Oil surges 4%, tech stocks under pressure, futures down 13 points
The S&P/ASX 200 index (XJO) surged more than 1% or 61 points yesterday to close at 5956 points.
However, some of those gains could be erased today with mixed overnight leads from Europe and the US, as well as a sharp decline in the NASDAQ likely to dent confidence.
Yesterday’s gains were largely driven by the tech sector with strong performances from buy now pay later groups, as well as recruitment company Seek and e-commerce retailer Kogan.
The ASX SPI200 index is down 13 points to 5938 points, suggesting investors are factoring in a softer day for tech stocks.
However, partly offsetting such a decline could be support for the energy sector as oil prices soared overnight on the back of an unexpected drawdown in US crude inventories, as well as news that US offshore production would be constrained due to the shutting down of offshore wells that lie in the path of Hurricane Sally.
On the macro front, the release of employment data could also impact the market even though negative news is fully expected.
The Dow gave up about 300 points in the last two hours of trading to finish up 36 points at 28,032 points.
The S&P 500 finished in the red, shedding nearly 0.5% to close at 3385 points.
But the NASDAQ was the big loser, giving up some of its recent gains to close 140 points lower at 11,050 points.
There was a sense of uncertainty in European markets with the FTSE 100 up early in the session before declining by about 50 points.

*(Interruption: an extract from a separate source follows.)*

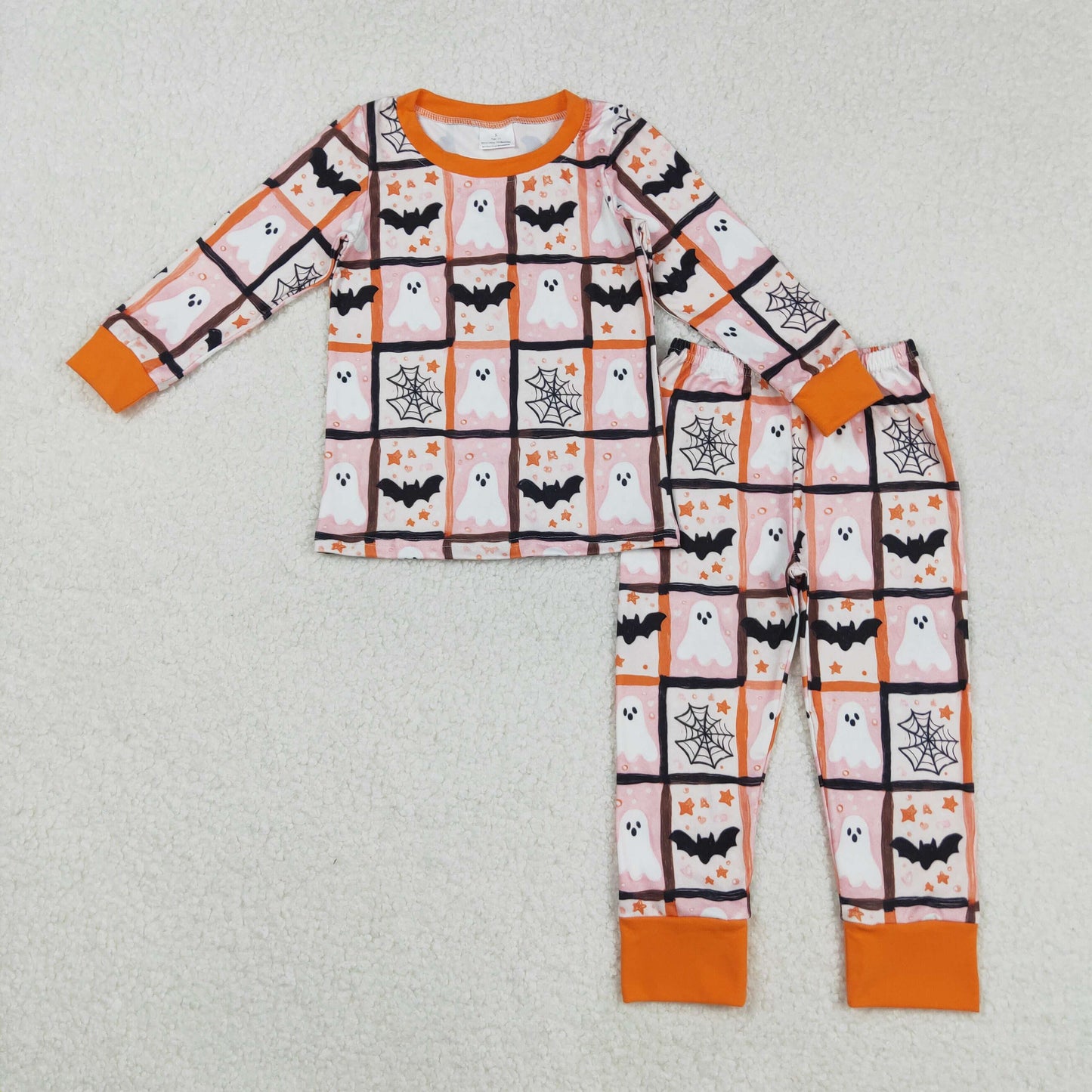 GLP2682 Halloween Ghost Plaid Orange Long Sleeve Pants Girls Pajamas Set 202508 RTS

However, a kick in the last hour saw it finish down only 27 points at 6078 points.
While mainland European markets were up, it was with little conviction as the CAC 40 gained six points to close at 5074 points and the DAX finished up 0.3% at 13,255 points.
As previously mentioned, it was oil that stole the headlines on the commodities front with the Brent Crude Oil Continuous Contract surging 4% to close at US$42.22 per barrel.
Gold traded strongly early in the session, increasing by about US$20 per ounce to US$1980 per ounce, but it is currently hovering in the vicinity of US$1970 per ounce.
Iron ore was the main casualty, falling more than 3% to US$124 per tonne.
Among the base metals there was little movement in copper and nickel, while zinc was in favour as it rallied strongly for the fourth consecutive day, hitting US$1.14 per pound.
Lead was out of favour falling below the US$0.85 per pound mark, taking it back to early August levels.
The Australian dollar continued to fluctuate in a tight range around US$0.73.